EXERCISE MATERIALS:
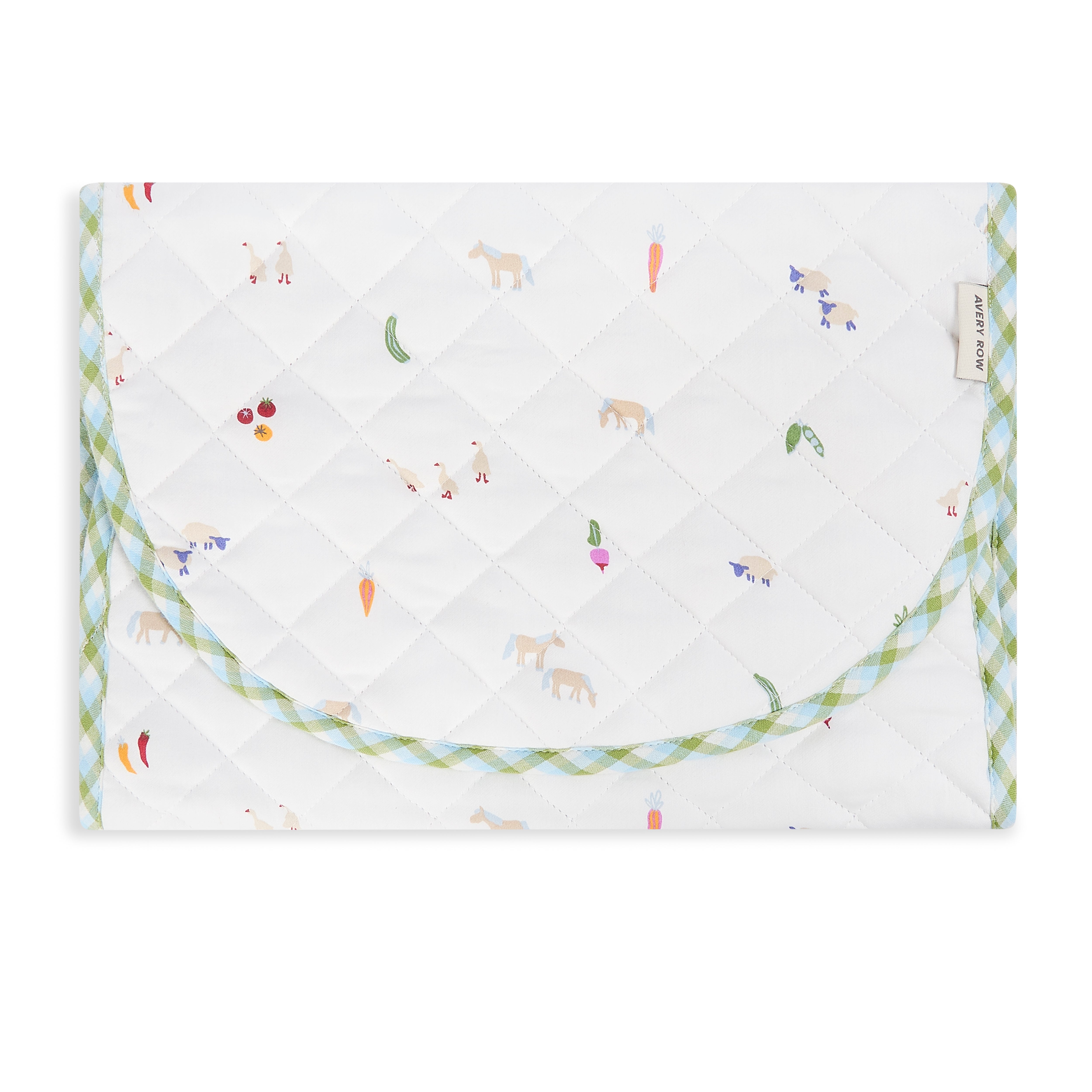 Changing Basket Cotton Liner - Little Farm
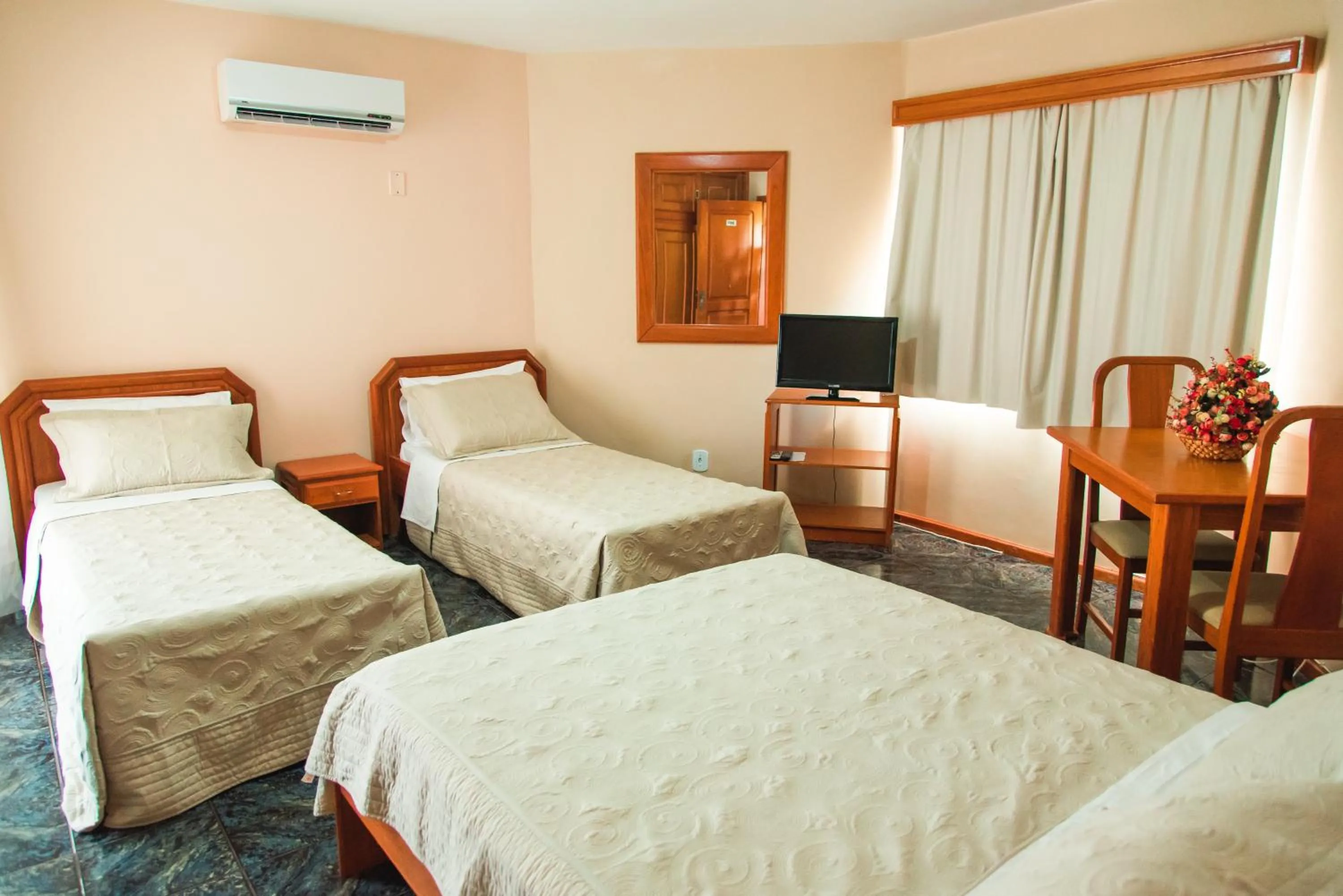 Bed in Canzi Cataratas Hotel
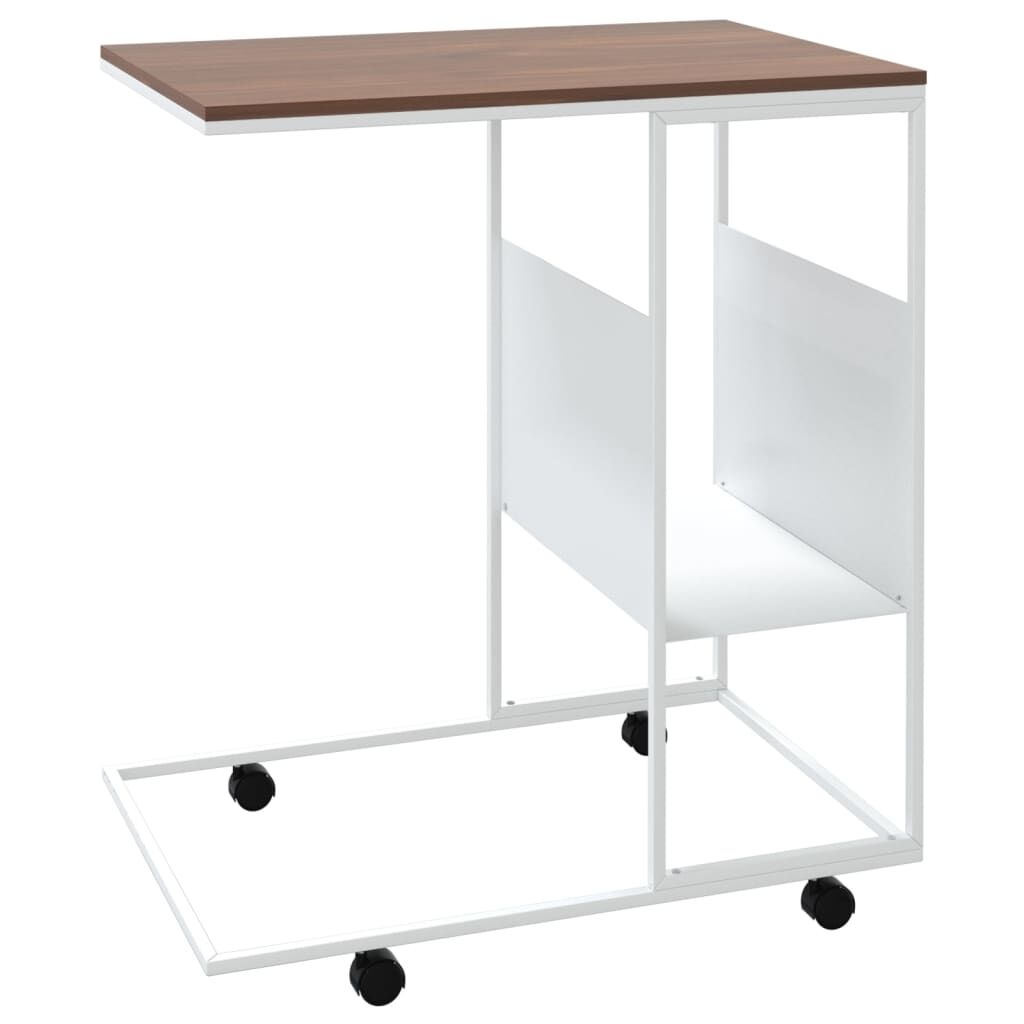 vidaXL Bijzettafel Wit - 55x36x63,5cm - 35% Korting!
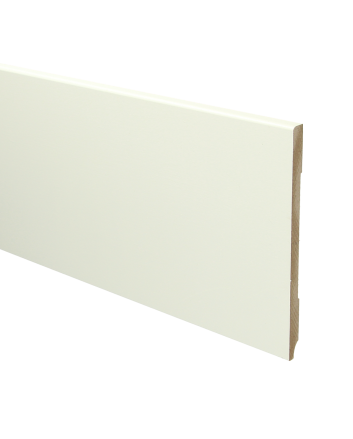 MDF Moderne plint 150x9 wit voorgelakt RAL 9010 | 2.4 meter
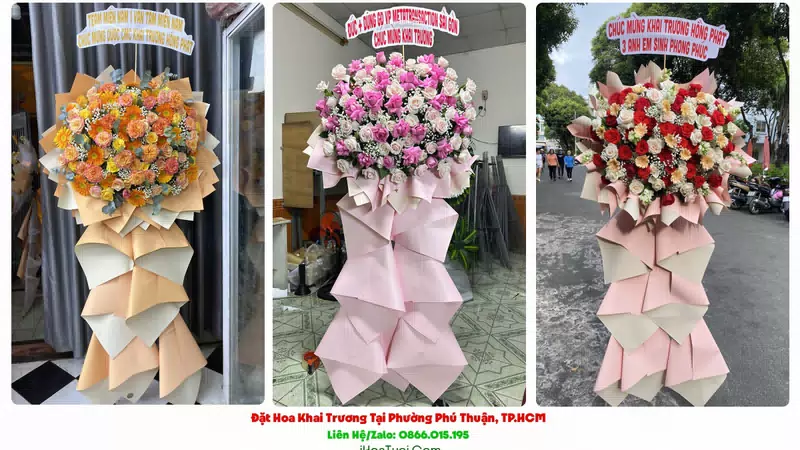 Đặt Hoa Khai Trương Tại Phường Phú Thuận, TP.HCM (Quận 7 Cũ)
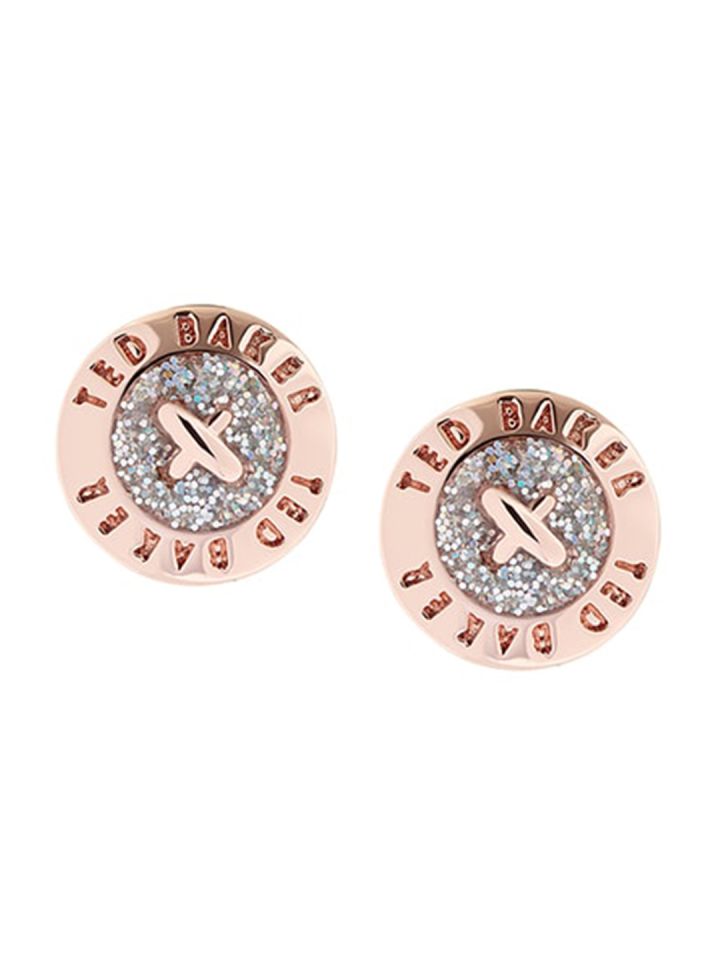 Ted baker enamel clearance button stud earrings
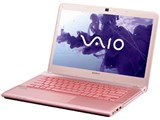 VAIO E�V���[�Y SVE14A38CJP [�s���N] ���i�摜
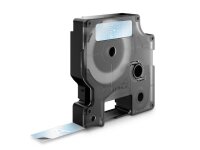 DYMO D1 - Standardetiketten - Weiß auf Transparent...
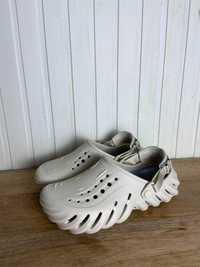 Chodaki Crocs Echo Clog kremowe roz 39/40/grube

TASK INSTRUCTIONS: Working from the line with "Ted baker enamel" to the last line of the material above, repeat each line exactly and leave out the pictures.

FINISHED TASK:
 Ted baker enamel clearance button stud earrings
 VAIO E�V���[�Y SVE14A38CJP [�s���N] ���i�摜
 DYMO D1 - Standardetiketten - Weiß auf Transparent...
 Chodaki Crocs Echo Clog kremowe roz 39/40/grube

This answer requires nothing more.